Let me begin by saying I am sorry. Pregnancy loss is often less than visible, but that does not make it any less real, and what you are going through is really hard.
Before you move into the business of making the holidays special for your toddler, I hope you can give yourself permission to grieve. Oftentimes we make grief harder, and healing less accessible, by denying ourselves the right to be sad. In a culture that is always pushing for positivity — especially during the holiday season — it can be hard to just be sad, so I hope you will give yourself that.

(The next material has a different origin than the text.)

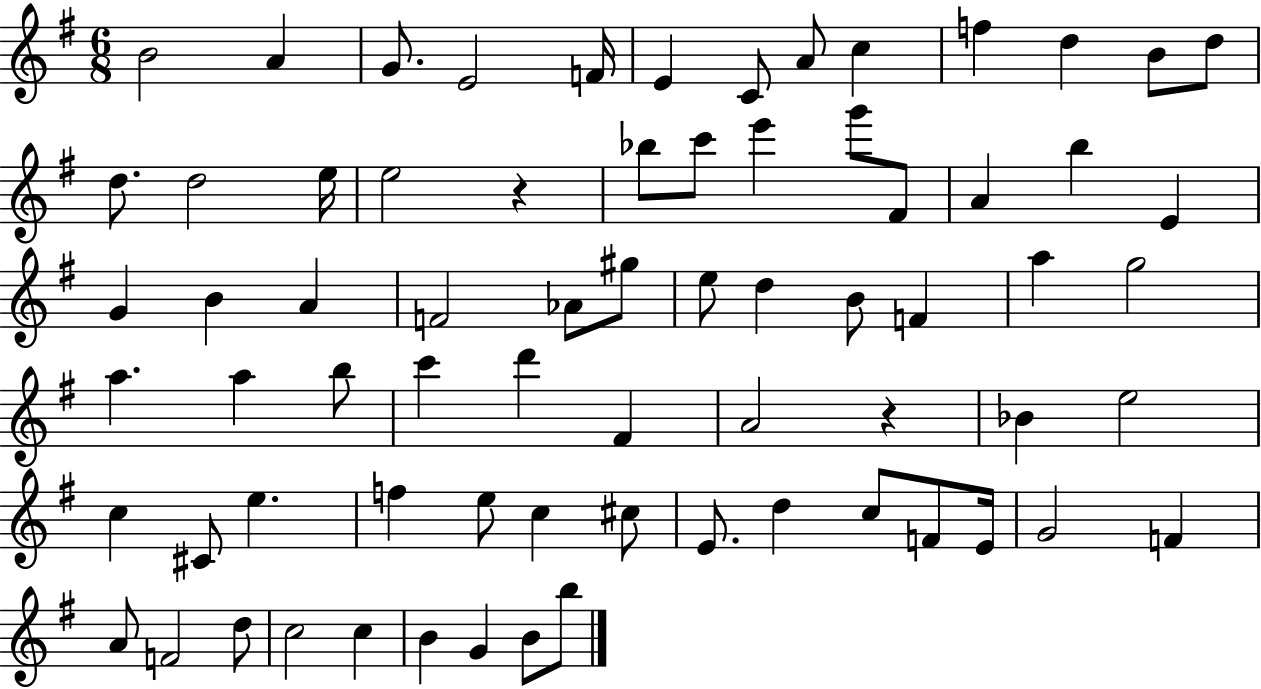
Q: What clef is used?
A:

Second, when we experience loss, we are not required to move on. Give yourself space to move through the pain, and when it comes to your toddler, tell them a version of the truth. With my 2-year-old, I use language he can understand and I remind him that it is okay to be sad sometimes, because it is. Try “Mommy is crying just like you cry when you don’t get dessert or can’t find your lovey. I’m feeling sad right now, and I’m going to let myself feel sad before we make our breakfast.” Those examples are what my son cries over, but feel free to insert your own. Keep it simple, but don’t hide your pain. Raising resilient kids means creating space for the myriad emotions that arise in this life, not solely happiness and joy. And when it comes to making the holidays “special,” let go of that pressure. From the perspective of a toddler, Christmas is already special enough — loads of sugar, a guy who visits at night and leaves you presents (!), plus more quality time with mom and dad is more than enough. Do not buy into anyone else’s expectations around what qualifies as special, because deep down we all know it really doesn’t take much to impress a toddler!
Healing requires us to be honest about our pain, to be intentional about our care, and to create space for joy. As you move through this holiday season, alongside the caretaking and magic-making you’re doing for your child, I hope you will create space for your own healing as well.